Restate word for word the span of lines that opens with the line containing "- Guaratinguetá Imagem" and closes with the last line of the material. Include both ends and nothing more.

● **DATASET ENTRIES**:
◇ ◇ ◇
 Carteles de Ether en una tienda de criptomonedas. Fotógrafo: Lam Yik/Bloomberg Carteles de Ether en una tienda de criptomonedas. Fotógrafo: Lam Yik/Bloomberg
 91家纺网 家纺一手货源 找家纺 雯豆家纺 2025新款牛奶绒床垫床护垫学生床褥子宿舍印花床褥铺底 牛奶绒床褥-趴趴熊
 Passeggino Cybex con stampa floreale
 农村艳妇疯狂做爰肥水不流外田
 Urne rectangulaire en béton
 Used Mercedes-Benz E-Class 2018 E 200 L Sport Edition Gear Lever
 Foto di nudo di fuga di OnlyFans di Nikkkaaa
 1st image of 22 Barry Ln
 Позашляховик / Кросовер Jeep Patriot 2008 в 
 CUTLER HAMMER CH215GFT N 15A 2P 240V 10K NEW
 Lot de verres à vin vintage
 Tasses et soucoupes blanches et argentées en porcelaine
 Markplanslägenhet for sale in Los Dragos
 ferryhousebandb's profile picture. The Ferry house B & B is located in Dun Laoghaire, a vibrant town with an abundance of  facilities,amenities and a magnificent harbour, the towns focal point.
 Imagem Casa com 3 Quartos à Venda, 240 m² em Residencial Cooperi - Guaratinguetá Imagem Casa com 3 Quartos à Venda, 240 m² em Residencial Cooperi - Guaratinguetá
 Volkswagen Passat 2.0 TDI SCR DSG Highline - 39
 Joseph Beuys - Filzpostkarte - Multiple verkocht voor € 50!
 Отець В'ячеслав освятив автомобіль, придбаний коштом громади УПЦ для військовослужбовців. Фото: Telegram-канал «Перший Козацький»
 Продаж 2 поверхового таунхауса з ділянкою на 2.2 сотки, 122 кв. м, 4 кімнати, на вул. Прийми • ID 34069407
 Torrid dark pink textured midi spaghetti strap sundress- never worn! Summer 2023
◇ ◇ ◇
● **FINISHED TASK**:
 Imagem Casa com 3 Quartos à Venda, 240 m² em Residencial Cooperi - Guaratinguetá Imagem Casa com 3 Quartos à Venda, 240 m² em Residencial Cooperi - Guaratinguetá
 Volkswagen Passat 2.0 TDI SCR DSG Highline - 39
 Joseph Beuys - Filzpostkarte - Multiple verkocht voor € 50!
 Отець В'ячеслав освятив автомобіль, придбаний коштом громади УПЦ для військовослужбовців. Фото: Telegram-канал «Перший Козацький»
 Продаж 2 поверхового таунхауса з ділянкою на 2.2 сотки, 122 кв. м, 4 кімнати, на вул. Прийми • ID 34069407
 Torrid dark pink textured midi spaghetti strap sundress- never worn! Summer 2023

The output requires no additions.